I like Jack's idea too, with a couple of reservations.  

First, I'm not too keen on reading all the data into RAM as 
strings.  To ensure no data loss, these strings would have to be 
fairly long -- say 32 characters.  Now with something like PUMS 
you can have tens or hundreds of thousands of observations on 
hundreds of variables.  This makes for a big memory chunk when 
stored as doubles, and perhaps 4 times as big when stored as 
strings.  So I tend to favour two passes.
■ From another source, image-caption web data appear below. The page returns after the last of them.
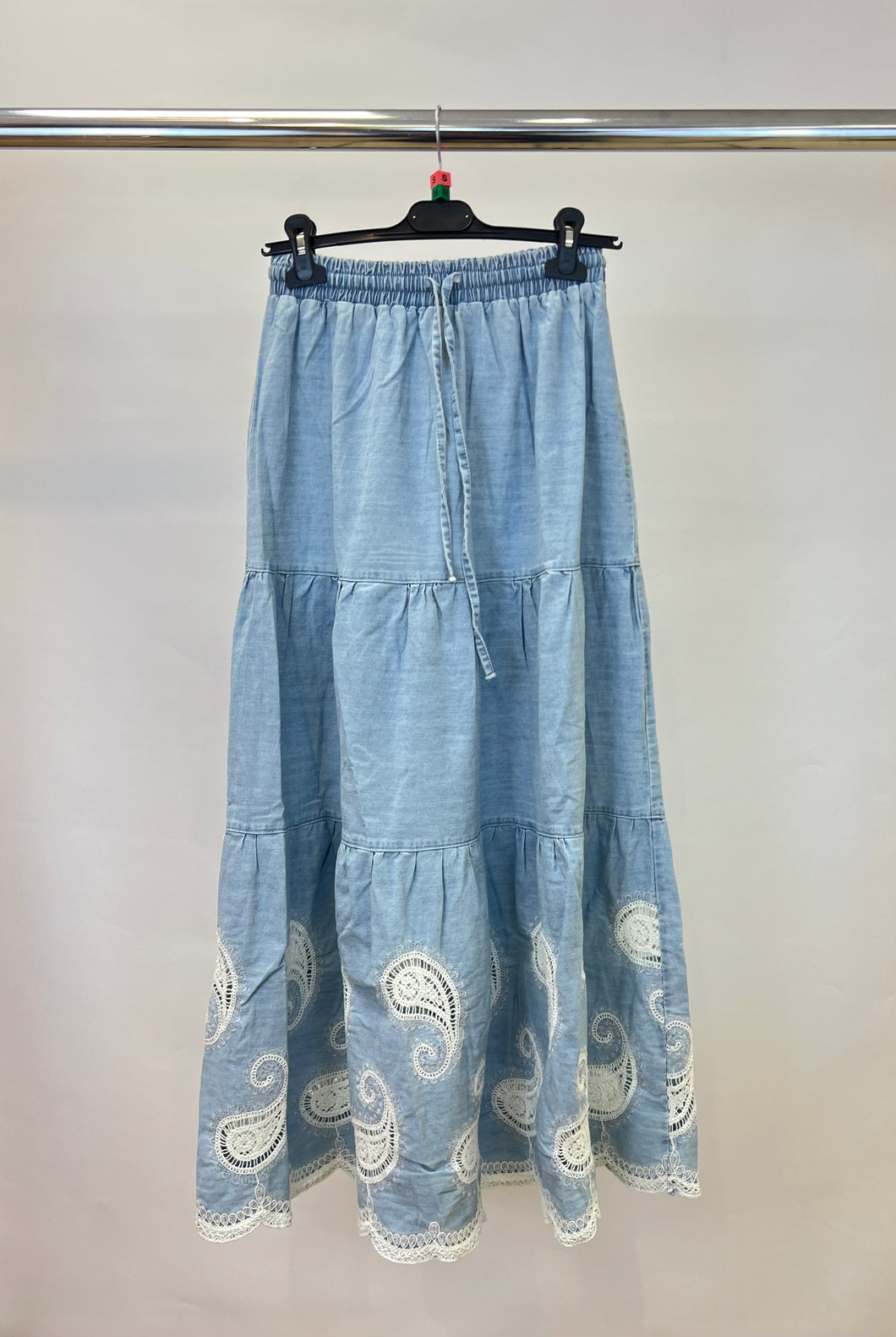 Paisley embroidered denim skirt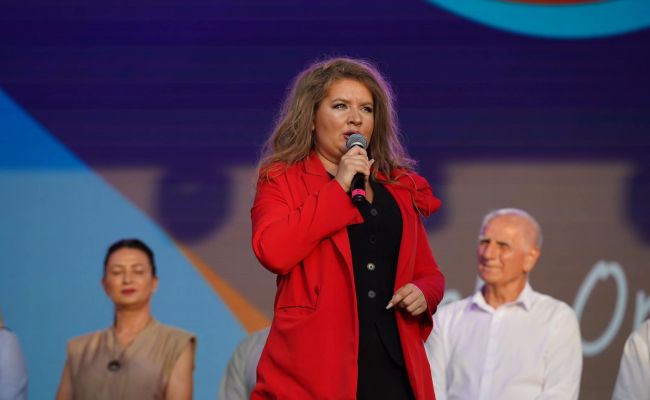 Prefectul Ioana Făcăleață: "La mulți ani, Mioveni!"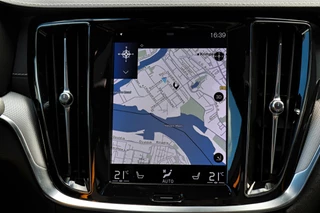 Volvo S60 Volvo S60 2.0 T8 AWD Polestar Engineered /PANODAK/B&W/MEMORY/HUD/360 CAMERA/TREKHAAK! - afbeelding nr 14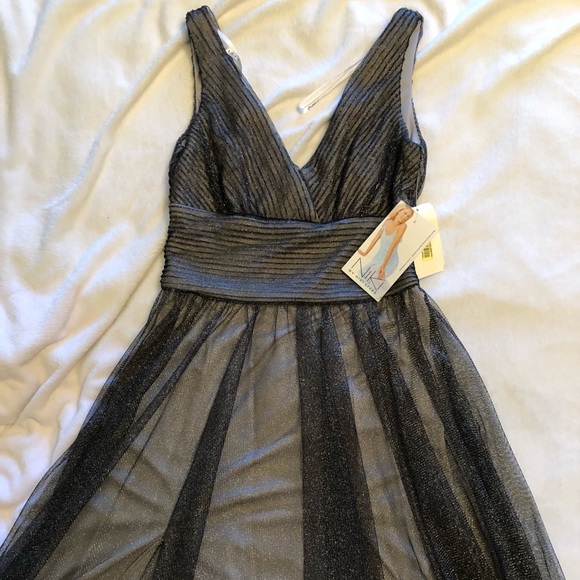 Brand new dress with tags size 6 for after 5! - Picture 1 of 5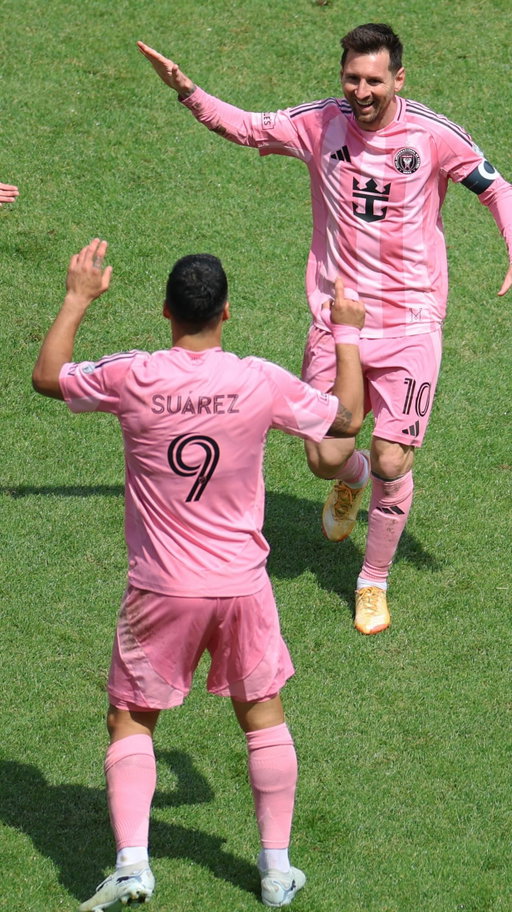 @rodridepaul, @leomessi and @luissuarez9 link up for an @intermiamicf goal. 🤝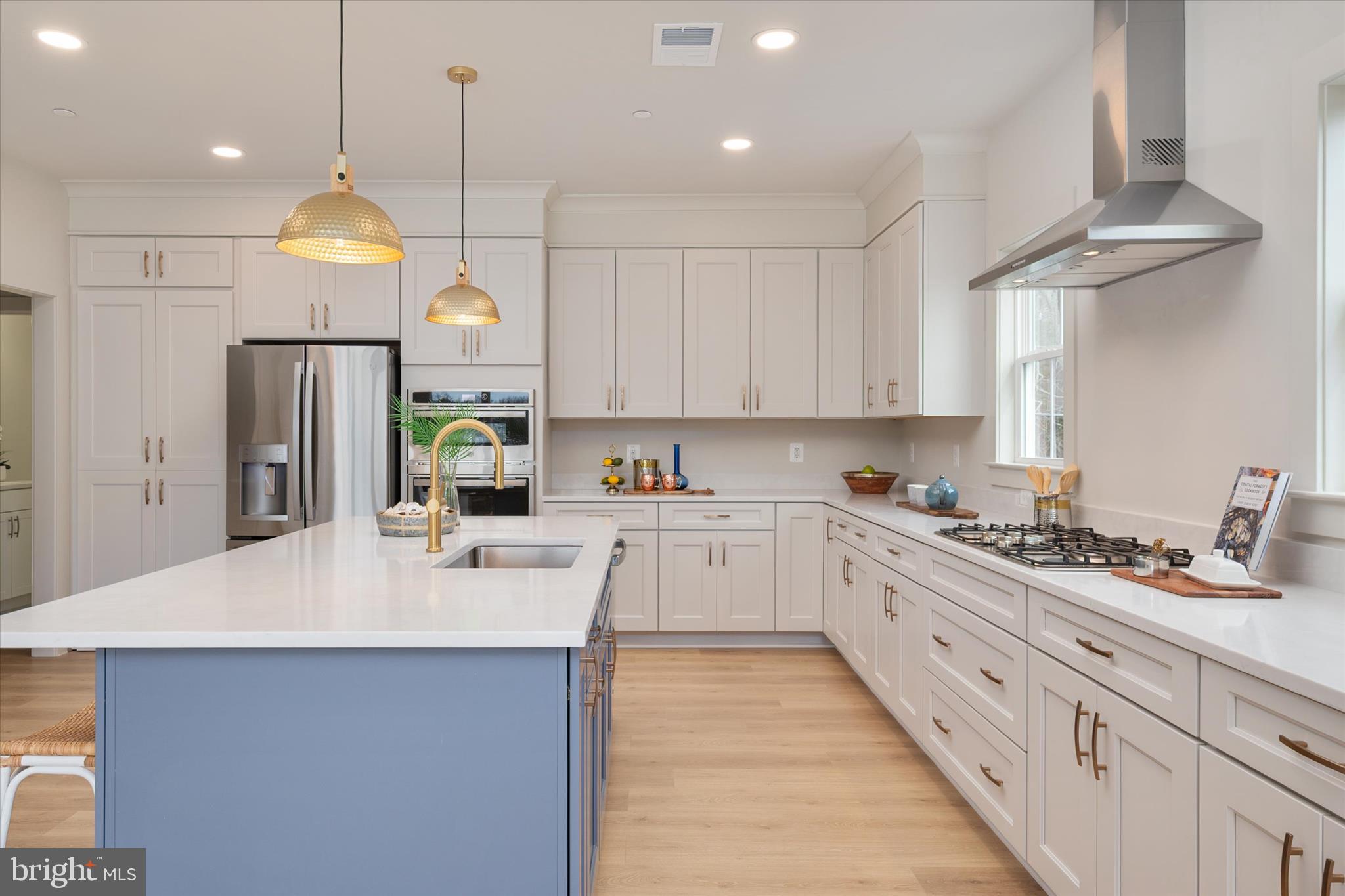 DEALE - Residential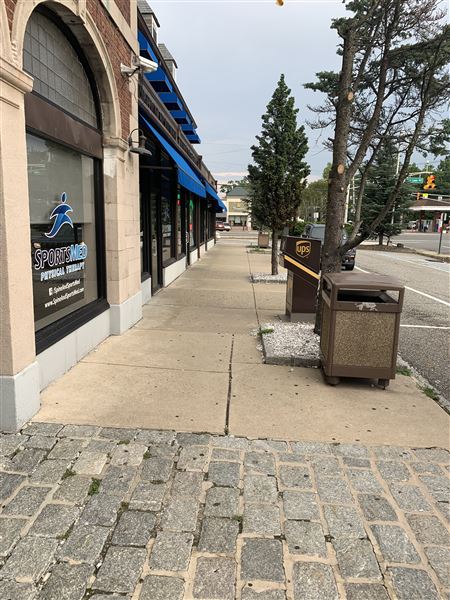 Radburn Plaza Building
Second, I think that attempting to parse all non-numeric stuff as 
coded data should probably be governed by an explicit option.  
It'll work fine on a well-formed PUMS file, but could cause a 
nasty mess with a very large data file that has a few extraneous 
non-numeric characters in it, 100% CPU for a long time.  Think of 
a file with 200000 observations and a stray 'x' on the last row.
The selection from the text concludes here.